非線形SVMは特徴量が増えたせいか、ハイパーパラメータ探索に時間がかかりすぎてしまったので、デフォルト設定で実行した結果を載せておく。
訓練データに対してはかなり高いスコアだが、テストデータに対してはスコアが悪く、過学習になっているよううだ。

from sklearn.model_selection import train_test_split
from sklearn.metrics import accuracy_score
from sklearn.svm import SVC

# ブンデスリーガデータ読み込み
df = data_catalog.load('features')

# チーム名をダミー変数に変換
df_cat = None
for col in ['HomeTeam', 'AwayTeam']:
    tmp = pd.get_dummies(df[col], prefix=col)
    df_cat = pd.concat([df_cat, tmp], axis=1)
cat_col = df_cat.columns.tolist()
df = pd.concat([df, df_cat], axis=1)

# 勝ち・負け・引き分けをコード値に変換
df['game_result'] = df['game_result'].astype('category')
df['game_result_cd'] = df['game_result'].cat.codes
display(dict(enumerate(df['game_result'].cat.categories)))

df_train, df_test = train_test_split(df, test_size=0.1, random_state=42)

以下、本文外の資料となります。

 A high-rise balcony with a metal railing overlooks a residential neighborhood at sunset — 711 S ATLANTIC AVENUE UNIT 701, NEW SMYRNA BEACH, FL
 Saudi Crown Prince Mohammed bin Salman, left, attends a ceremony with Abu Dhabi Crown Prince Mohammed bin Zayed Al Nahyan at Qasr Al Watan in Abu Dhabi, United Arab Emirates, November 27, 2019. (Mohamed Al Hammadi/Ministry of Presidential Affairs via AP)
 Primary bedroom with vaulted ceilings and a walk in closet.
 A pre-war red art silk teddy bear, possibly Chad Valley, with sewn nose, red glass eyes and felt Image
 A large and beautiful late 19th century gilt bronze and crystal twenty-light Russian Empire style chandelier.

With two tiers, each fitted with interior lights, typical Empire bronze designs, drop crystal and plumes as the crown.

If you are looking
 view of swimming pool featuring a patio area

feature = ['home_Season_score_index_last1',
       'home_Season_score_index_last2', 'home_Season_score_index_last3',
       'home_Season_score_index_last4', 'home_Season_score_index_last5',
       'away_Season_score_index_last1', 'away_Season_score_index_last2',
       'away_Season_score_index_last3', 'away_Season_score_index_last4',
       'away_Season_score_index_last5'] + cat_col
X = df_train[feature]
y = df_train['game_result_cd']
X_test = df_test[feature]
y_test = df_test['game_result_cd']

clf = SVC(gamma='auto')
clf.fit(X, y)

print(f"train accuracy: {accuracy_score(y, clf.predict(X))}")
"""train accuracy: 0.9812636165577342"""
print(f"test accuracy: {accuracy_score(y_test, clf.predict(X_test))}")
"""test accuracy: 0.47581699346405226"""

考察

過去5試合のスコアを偏差値としてモデルに組み込んでみたが劇的な効果は得られなかった。
SVMは計算量の弱点があるようなので、次は決定木系のアプローチを試してみる。